> _REQUIRED WORK_
Could you return each line from the one bearing "Rumah Mewah Penuin" through the last line of the entries, exactly as it stands, with no pictures?
++++ SOURCE DATA
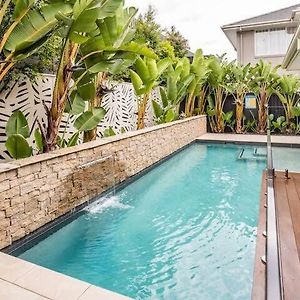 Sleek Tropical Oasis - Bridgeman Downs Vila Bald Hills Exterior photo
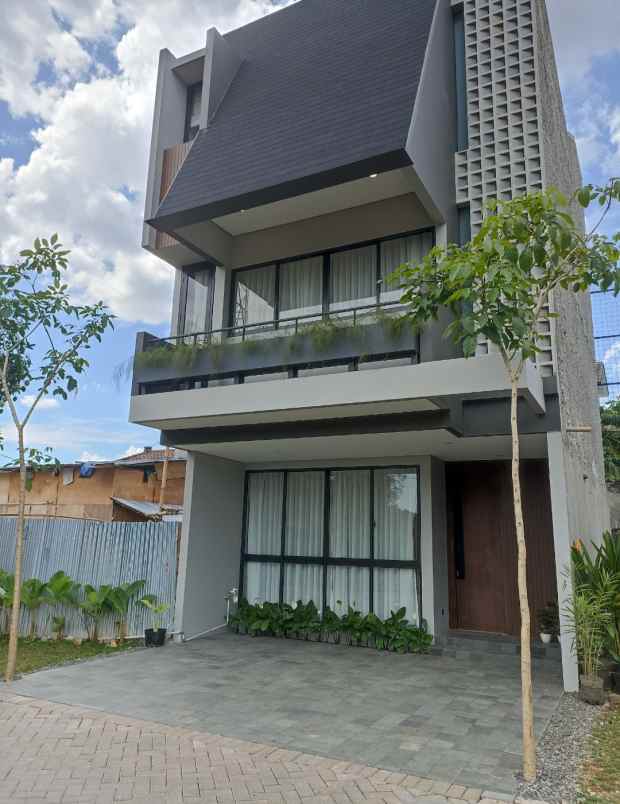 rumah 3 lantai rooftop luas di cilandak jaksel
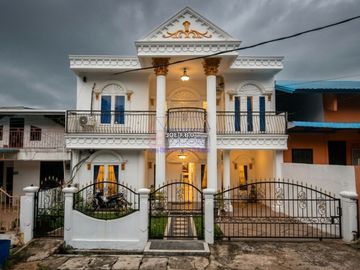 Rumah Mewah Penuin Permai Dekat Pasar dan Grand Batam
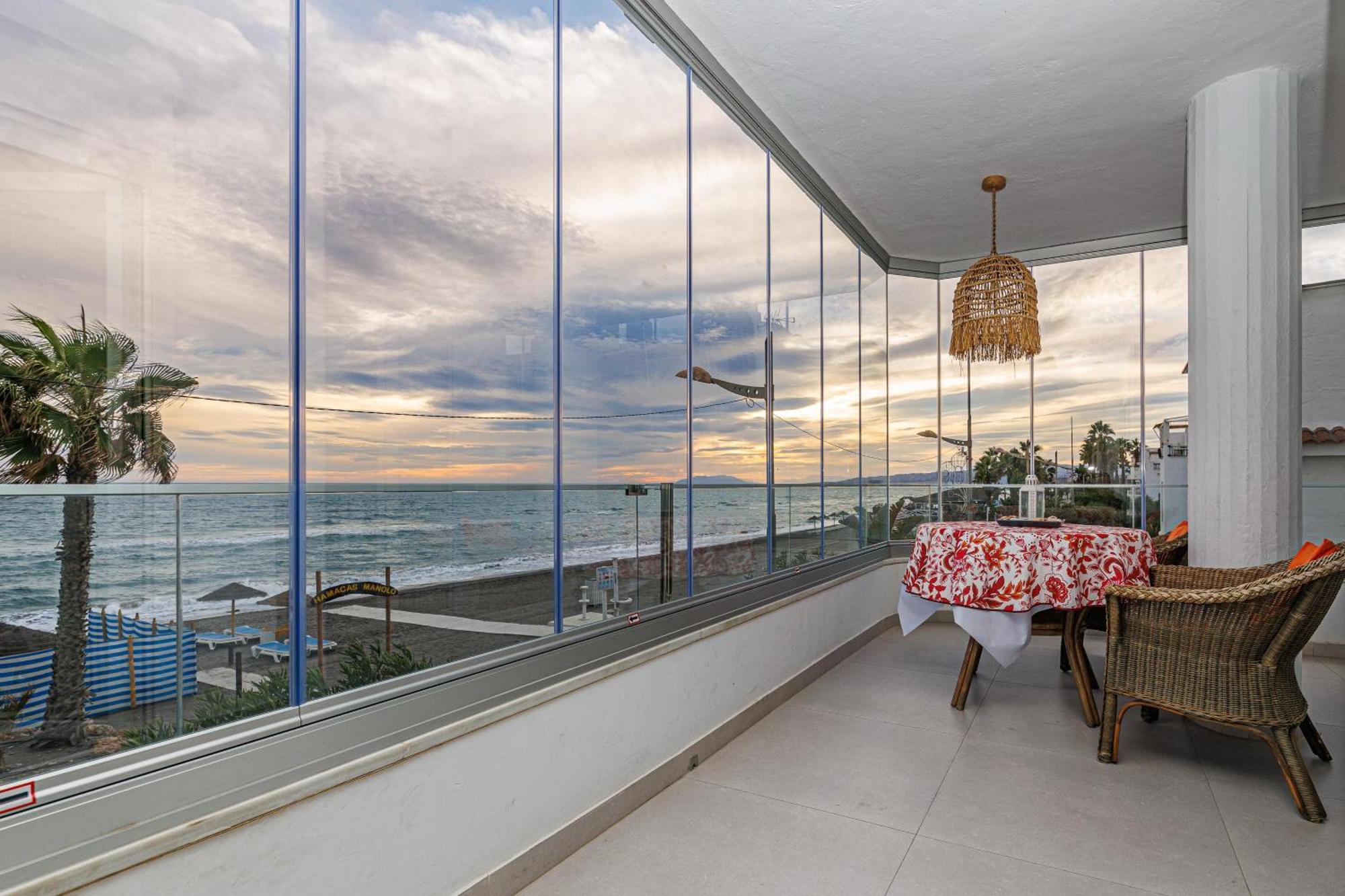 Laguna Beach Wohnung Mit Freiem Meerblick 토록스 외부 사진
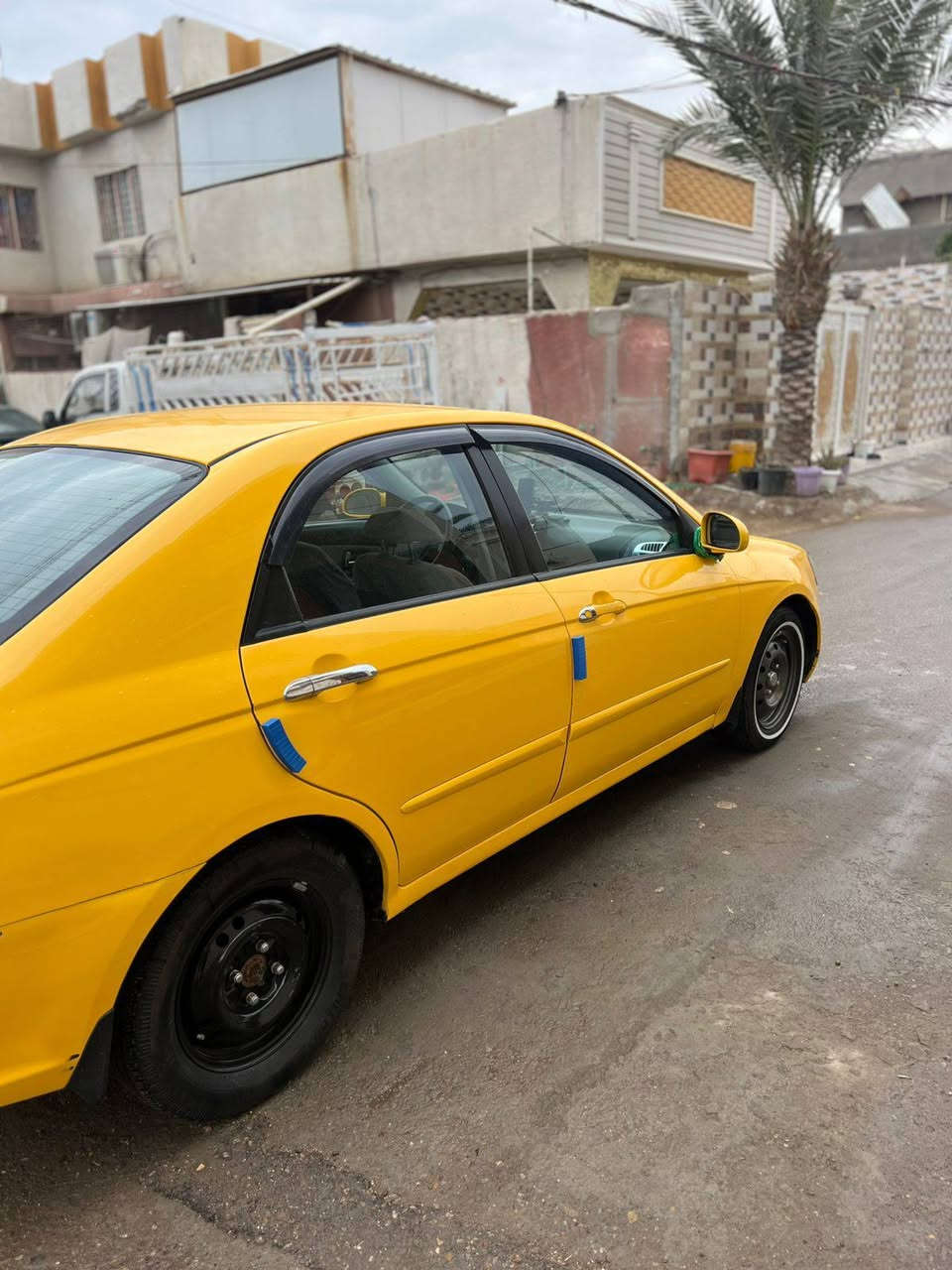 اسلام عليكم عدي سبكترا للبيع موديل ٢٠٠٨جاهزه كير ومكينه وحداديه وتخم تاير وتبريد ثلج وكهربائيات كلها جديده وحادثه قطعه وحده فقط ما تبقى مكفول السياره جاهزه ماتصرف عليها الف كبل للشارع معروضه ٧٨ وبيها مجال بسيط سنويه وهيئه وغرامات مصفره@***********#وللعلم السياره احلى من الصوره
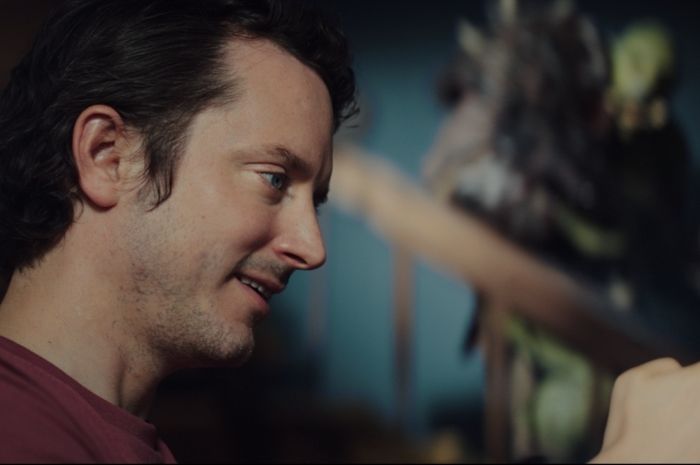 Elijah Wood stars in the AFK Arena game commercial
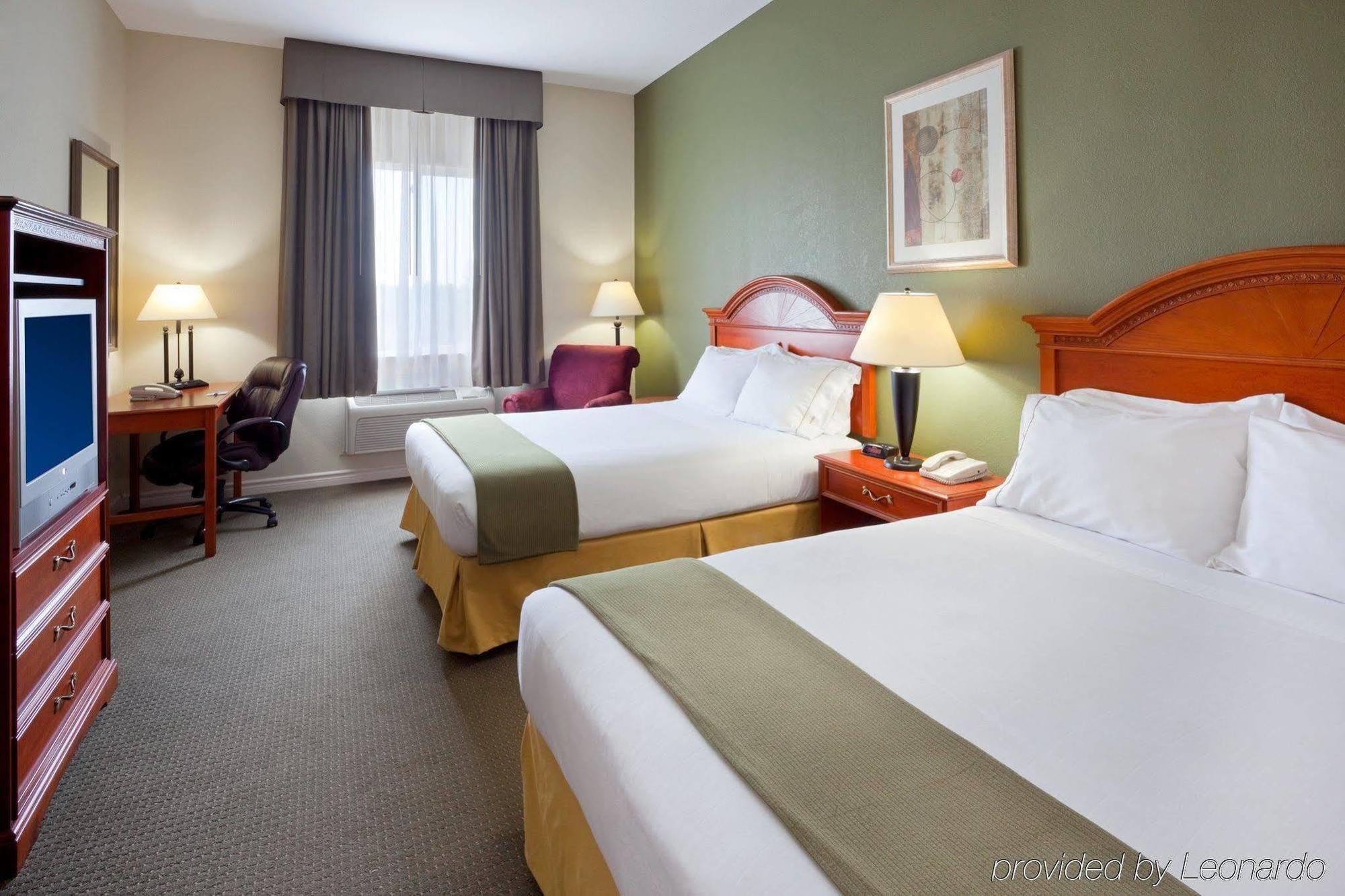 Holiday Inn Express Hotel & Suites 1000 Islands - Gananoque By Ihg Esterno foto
++++++++
> _RESPONSE TO THE TASK_
 Rumah Mewah Penuin Permai Dekat Pasar dan Grand Batam
 Laguna Beach Wohnung Mit Freiem Meerblick 토록스 외부 사진
 اسلام عليكم عدي سبكترا للبيع موديل ٢٠٠٨جاهزه كير ومكينه وحداديه وتخم تاير وتبريد ثلج وكهربائيات كلها جديده وحادثه قطعه وحده فقط ما تبقى مكفول السياره جاهزه ماتصرف عليها الف كبل للشارع معروضه ٧٨ وبيها مجال بسيط سنويه وهيئه وغرامات مصفره@***********#وللعلم السياره احلى من الصوره
 Elijah Wood stars in the AFK Arena game commercial
 Holiday Inn Express Hotel & Suites 1000 Islands - Gananoque By Ihg Esterno foto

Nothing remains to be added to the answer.